Tuesday, June 29, 2010

I've just purchased the latest book from Skysill Press, this time "Gospel Earth" by North Carolina poet Jeffery Beam. I bought the hardback edition, beautifully put together and with nice cover artwork (by Laura Frankstone). Like the previous Skysill book from Jess Mynes, this one is also driven by "the urge to produce the irreducible poem". Many of the poems are one-liners - a form Beam has made a study of:


ENTERING NO EXIT


Another field cloudless sky becomes a revolution.

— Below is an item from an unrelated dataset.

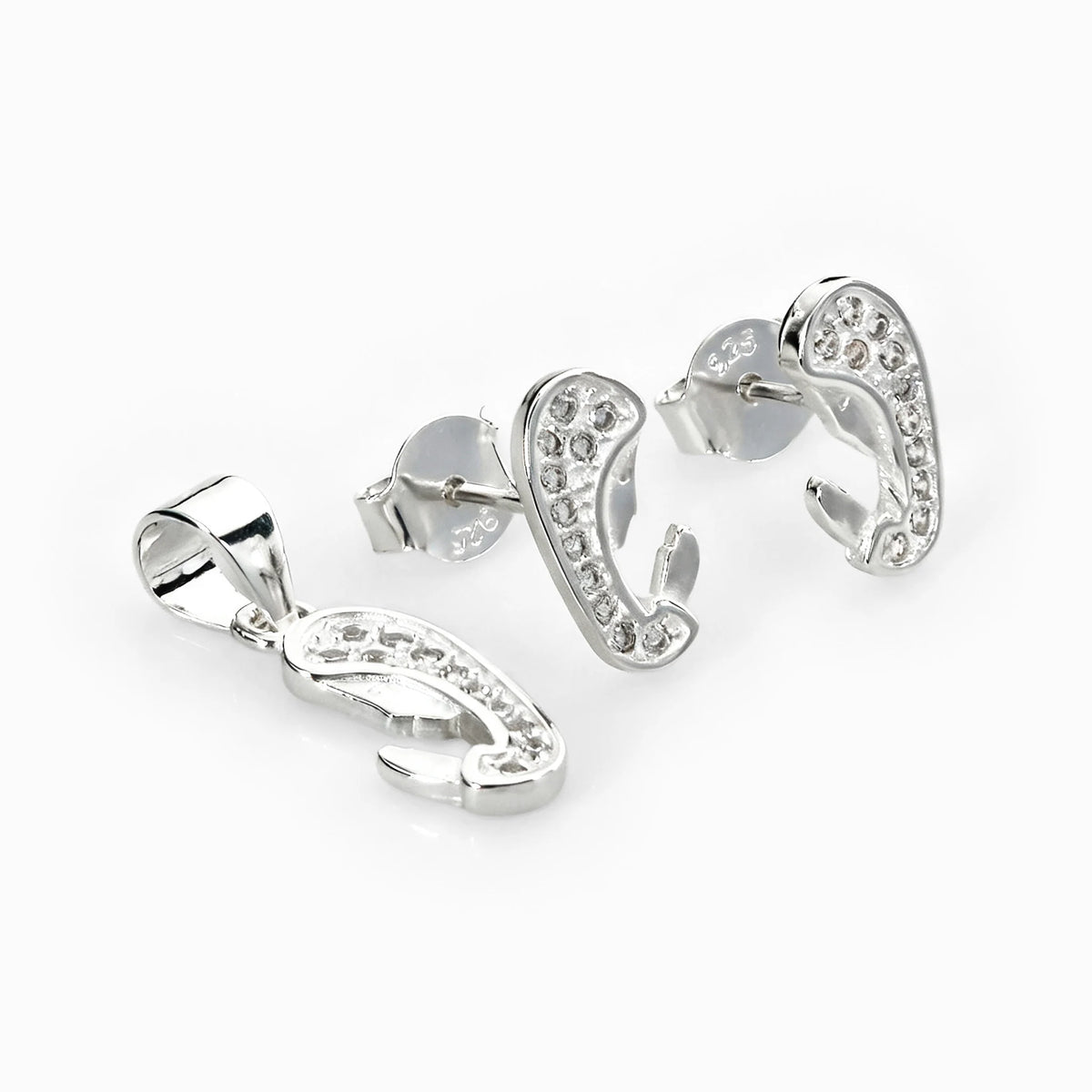 Set de topos y dije de la Virgen orando en plata ley 925 con circones blancos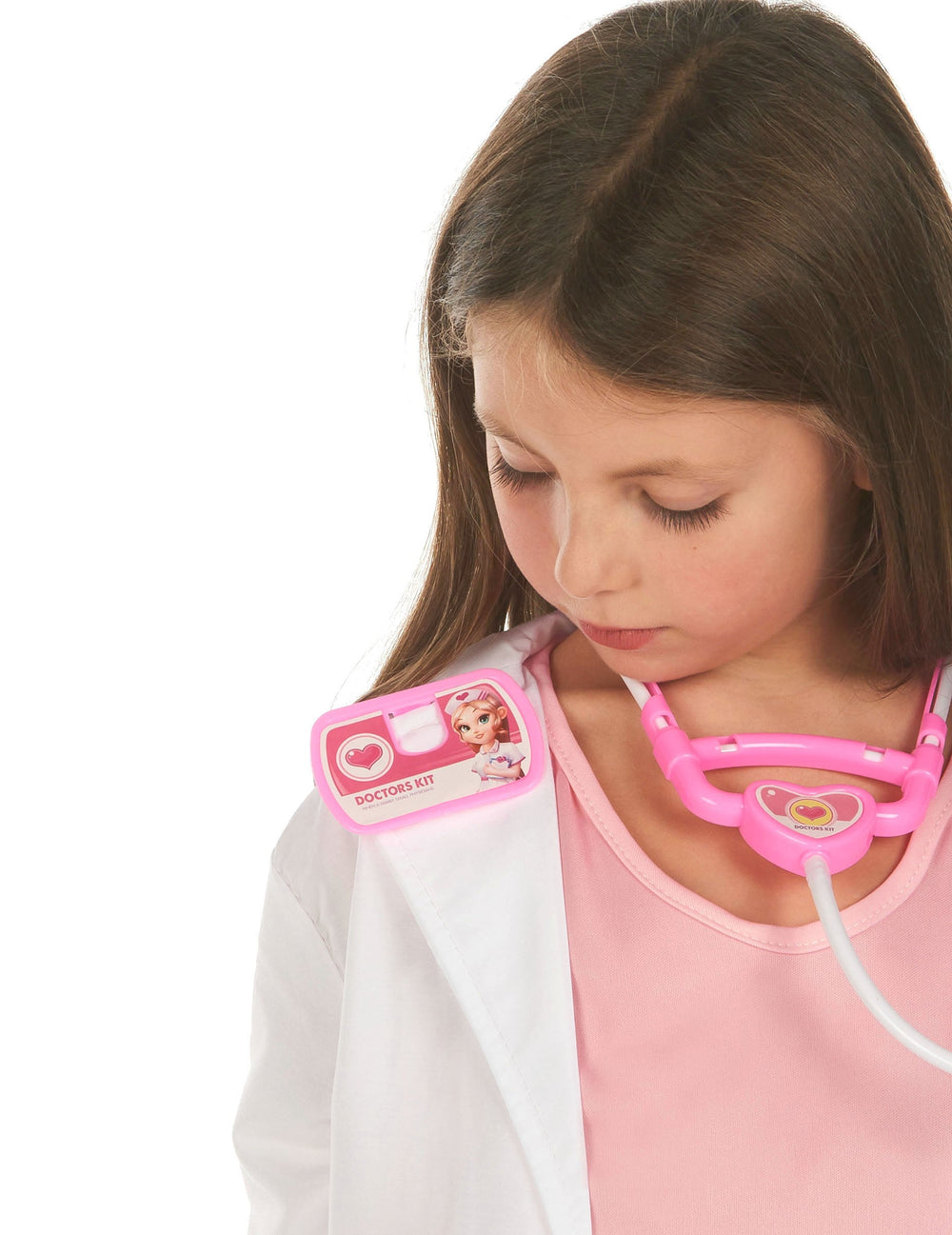 Détail du badge et du stéthoscope du kit de docteur pour enfant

Many of the others are short haiku-like poems. but these are no mere syllable-counting metaphors, but poems of depth and a certain mystery:



STRANGER IN A STRANGE LAND


Bees sense crowshadow across dry pavement

I am pilgrim on this vegetable earth


I like that. I don't really know why; I just like it. A lot of the poems strike me in that way - "irreducible", I suppose; concentrated, and often needing to be re-read and slowly absorbed by the reader, like a mini-meditation, a Zen Koan:



A LITTLE BOOK OF ST. FRANCIS


What whispered place from visions spring always springness


Some of this poetry, especially a sequence called "The Green Man", reminds me of Ronald Johnston. But in fact, the influences are wide and fully acknowledged; Beam cites

"the spiritual literature and folk traditions of the East & West - Japan, India, China, Korea & Malaysia - the Dao, the I Ching, canny Biblical fragments, the Desert Hermits, Gnosticism, Sufism, Ancient Greek poets & philosophers, the French and Spanish Surrealists, the Symbolists & Decadents, Shape Note Songs,bluegrass & African-American gospel music, women's poetry throughout time, Native American poetry, & the poets of the contemporary small poem movement in America & Britain - particularly..."


Beam then goes on to name ninety-five poets across cultures and centuries. The first section of the book, "A Gathering of Voices" is a sequence of short quotes from some of those poets. I like this inclusiveness and sense that the poetry is part of a continuum spanning various human civilizations.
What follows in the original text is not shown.